Records:
_ _ _ _ _

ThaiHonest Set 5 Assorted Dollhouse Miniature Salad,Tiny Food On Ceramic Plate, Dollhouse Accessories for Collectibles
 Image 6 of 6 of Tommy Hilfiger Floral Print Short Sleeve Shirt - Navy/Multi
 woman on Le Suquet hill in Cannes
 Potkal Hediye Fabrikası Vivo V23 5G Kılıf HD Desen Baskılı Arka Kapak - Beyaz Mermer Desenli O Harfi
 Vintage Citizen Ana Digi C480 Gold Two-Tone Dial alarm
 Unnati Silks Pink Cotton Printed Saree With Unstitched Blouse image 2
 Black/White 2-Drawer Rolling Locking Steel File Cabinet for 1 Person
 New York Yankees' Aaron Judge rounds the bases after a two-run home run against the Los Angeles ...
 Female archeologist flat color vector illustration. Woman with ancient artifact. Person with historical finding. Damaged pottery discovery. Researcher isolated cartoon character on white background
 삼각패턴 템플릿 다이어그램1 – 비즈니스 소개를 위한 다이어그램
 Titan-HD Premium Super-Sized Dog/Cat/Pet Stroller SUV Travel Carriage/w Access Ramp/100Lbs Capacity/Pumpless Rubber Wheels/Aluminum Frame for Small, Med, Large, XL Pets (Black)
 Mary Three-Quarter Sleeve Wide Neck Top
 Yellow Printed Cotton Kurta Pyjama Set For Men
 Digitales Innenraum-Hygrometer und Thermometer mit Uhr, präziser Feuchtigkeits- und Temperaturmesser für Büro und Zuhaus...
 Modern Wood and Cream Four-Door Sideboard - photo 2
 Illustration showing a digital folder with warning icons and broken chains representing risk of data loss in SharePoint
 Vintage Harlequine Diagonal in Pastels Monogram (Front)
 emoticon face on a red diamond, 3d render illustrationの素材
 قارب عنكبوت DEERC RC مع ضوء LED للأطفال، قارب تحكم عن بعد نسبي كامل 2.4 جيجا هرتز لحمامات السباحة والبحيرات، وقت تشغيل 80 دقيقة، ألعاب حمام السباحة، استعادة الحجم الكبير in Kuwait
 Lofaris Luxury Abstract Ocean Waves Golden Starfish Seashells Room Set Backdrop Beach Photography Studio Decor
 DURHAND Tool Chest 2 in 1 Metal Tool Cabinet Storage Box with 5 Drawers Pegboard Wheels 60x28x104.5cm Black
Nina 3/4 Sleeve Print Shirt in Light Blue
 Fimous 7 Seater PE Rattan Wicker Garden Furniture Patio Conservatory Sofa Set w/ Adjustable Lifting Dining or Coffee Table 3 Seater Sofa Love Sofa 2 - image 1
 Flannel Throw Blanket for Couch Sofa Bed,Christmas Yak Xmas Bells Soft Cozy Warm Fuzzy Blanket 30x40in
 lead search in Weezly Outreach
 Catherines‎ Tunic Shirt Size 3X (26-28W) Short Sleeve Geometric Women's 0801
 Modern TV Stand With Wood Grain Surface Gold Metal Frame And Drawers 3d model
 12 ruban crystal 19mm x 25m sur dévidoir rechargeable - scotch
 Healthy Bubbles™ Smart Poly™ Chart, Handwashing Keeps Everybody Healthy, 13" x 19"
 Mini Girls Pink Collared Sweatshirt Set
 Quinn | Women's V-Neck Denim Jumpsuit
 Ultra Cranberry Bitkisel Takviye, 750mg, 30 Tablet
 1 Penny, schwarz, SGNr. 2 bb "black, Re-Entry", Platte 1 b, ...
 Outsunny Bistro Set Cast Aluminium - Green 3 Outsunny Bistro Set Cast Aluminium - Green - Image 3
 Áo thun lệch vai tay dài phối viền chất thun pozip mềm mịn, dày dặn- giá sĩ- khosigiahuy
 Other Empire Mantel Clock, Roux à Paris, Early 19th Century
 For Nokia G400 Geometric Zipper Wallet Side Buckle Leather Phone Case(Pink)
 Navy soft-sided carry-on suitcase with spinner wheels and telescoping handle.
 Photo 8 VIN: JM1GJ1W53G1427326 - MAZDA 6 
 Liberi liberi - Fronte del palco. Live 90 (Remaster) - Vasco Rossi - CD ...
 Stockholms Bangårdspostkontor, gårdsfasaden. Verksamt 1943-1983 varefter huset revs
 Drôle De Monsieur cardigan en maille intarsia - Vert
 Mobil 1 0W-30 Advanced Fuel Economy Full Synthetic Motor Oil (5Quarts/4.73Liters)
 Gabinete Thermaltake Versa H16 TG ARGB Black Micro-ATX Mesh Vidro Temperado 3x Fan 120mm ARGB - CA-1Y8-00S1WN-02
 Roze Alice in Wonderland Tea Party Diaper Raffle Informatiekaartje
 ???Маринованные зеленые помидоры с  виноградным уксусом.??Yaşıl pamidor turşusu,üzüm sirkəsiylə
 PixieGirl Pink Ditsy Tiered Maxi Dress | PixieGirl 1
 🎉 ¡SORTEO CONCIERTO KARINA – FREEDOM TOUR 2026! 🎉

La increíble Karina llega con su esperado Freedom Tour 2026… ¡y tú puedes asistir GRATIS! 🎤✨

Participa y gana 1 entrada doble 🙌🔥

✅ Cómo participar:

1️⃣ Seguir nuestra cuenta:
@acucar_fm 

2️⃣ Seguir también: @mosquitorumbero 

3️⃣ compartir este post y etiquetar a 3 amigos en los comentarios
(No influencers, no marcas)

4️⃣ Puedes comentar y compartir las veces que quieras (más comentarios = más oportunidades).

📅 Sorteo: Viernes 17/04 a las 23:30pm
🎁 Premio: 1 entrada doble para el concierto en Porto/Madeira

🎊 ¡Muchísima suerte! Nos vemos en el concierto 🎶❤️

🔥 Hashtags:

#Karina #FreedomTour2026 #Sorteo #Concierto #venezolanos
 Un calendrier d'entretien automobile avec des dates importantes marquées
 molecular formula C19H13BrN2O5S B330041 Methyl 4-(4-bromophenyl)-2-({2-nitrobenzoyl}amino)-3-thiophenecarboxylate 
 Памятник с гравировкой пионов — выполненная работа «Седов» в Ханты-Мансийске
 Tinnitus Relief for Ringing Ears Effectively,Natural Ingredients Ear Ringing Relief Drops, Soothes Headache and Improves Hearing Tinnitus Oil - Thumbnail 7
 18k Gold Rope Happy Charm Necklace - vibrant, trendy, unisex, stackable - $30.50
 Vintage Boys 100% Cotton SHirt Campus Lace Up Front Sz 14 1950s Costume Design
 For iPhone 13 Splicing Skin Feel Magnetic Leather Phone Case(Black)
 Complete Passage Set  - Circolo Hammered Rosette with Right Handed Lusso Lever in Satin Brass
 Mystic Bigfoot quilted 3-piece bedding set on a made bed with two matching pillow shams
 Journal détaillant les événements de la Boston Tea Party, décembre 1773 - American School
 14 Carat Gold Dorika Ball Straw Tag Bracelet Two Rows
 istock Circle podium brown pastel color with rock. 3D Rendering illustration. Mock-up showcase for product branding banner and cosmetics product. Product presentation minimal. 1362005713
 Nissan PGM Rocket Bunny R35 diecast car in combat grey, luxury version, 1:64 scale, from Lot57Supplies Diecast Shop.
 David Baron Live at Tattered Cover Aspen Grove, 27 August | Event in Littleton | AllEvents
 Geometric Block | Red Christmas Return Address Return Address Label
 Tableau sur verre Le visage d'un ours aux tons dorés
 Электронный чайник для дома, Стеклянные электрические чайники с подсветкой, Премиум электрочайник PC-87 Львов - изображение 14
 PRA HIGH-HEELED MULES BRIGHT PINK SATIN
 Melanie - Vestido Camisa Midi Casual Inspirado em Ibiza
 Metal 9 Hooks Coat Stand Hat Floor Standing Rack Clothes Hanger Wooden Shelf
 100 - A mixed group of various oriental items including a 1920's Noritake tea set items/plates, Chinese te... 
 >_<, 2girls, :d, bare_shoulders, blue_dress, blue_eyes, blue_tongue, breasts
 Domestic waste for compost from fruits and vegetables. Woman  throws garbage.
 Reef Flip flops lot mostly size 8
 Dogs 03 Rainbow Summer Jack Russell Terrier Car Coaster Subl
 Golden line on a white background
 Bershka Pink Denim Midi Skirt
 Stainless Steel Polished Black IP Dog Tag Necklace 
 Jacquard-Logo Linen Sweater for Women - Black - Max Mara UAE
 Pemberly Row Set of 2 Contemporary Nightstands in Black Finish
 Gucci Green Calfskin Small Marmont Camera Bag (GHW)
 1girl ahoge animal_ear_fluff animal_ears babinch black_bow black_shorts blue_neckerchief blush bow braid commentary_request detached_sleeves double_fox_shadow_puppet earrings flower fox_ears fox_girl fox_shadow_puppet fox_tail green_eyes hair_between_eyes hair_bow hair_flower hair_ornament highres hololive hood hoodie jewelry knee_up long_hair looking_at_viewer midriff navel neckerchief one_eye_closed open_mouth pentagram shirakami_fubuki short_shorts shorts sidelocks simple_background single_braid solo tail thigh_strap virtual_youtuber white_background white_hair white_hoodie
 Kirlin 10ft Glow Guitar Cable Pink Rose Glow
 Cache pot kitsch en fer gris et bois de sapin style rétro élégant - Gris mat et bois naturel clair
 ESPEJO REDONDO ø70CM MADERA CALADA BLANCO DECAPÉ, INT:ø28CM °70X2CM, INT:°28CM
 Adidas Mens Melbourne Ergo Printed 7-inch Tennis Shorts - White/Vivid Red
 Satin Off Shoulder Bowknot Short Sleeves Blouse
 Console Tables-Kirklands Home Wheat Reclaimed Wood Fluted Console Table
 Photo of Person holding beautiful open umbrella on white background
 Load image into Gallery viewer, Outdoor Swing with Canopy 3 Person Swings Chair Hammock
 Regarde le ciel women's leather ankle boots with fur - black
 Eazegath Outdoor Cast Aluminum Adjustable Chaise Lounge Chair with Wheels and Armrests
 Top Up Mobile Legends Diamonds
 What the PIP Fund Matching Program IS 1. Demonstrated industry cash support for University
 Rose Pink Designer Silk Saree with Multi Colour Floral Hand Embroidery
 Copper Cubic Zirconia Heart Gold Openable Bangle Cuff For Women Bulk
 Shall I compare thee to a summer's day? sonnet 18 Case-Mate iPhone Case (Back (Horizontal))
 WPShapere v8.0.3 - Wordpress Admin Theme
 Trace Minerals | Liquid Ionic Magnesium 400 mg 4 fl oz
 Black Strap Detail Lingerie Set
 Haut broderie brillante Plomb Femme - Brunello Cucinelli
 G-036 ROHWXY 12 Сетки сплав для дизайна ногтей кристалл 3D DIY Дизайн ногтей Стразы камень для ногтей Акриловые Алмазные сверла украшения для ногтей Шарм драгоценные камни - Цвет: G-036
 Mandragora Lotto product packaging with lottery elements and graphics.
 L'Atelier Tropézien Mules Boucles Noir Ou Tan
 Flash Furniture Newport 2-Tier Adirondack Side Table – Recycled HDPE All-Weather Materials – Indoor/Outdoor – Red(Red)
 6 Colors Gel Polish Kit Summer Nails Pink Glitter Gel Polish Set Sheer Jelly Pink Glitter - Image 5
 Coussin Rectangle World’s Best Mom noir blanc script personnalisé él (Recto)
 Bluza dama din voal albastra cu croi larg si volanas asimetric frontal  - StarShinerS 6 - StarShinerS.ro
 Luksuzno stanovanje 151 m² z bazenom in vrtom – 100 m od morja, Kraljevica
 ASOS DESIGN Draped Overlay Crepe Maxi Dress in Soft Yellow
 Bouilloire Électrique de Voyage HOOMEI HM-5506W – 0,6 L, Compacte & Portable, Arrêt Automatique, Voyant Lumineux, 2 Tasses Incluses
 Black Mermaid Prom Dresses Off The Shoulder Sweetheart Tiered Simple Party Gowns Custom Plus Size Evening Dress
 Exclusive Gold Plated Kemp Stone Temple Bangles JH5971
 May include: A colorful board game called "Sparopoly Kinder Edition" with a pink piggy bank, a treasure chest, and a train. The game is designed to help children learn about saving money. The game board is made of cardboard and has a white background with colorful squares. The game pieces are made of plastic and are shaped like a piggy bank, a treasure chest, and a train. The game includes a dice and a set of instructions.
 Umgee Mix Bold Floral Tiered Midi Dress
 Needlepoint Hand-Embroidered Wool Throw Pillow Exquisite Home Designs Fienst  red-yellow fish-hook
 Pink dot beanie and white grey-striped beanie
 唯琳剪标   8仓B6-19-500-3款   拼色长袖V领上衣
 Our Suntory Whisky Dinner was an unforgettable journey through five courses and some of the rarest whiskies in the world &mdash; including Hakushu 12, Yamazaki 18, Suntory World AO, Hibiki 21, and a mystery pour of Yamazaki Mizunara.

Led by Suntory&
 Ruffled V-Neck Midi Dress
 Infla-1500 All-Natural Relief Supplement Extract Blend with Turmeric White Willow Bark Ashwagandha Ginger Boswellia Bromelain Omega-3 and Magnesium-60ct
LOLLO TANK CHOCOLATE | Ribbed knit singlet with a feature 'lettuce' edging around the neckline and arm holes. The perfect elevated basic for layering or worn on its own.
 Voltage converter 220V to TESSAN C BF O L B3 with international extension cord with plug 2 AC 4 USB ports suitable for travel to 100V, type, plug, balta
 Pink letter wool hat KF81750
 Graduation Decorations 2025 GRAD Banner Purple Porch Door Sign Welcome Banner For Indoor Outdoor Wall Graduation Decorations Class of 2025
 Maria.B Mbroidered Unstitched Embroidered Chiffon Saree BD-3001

_ _ _ _ _

Exercise instructions: One inclusive range is required: first line of the data through the line containing "Potkal Hediye Fabrikası". Set it down exactly and output nothing else.

Result of the exercise:
ThaiHonest Set 5 Assorted Dollhouse Miniature Salad,Tiny Food On Ceramic Plate, Dollhouse Accessories for Collectibles
 Image 6 of 6 of Tommy Hilfiger Floral Print Short Sleeve Shirt - Navy/Multi
 woman on Le Suquet hill in Cannes
 Potkal Hediye Fabrikası Vivo V23 5G Kılıf HD Desen Baskılı Arka Kapak - Beyaz Mermer Desenli O Harfi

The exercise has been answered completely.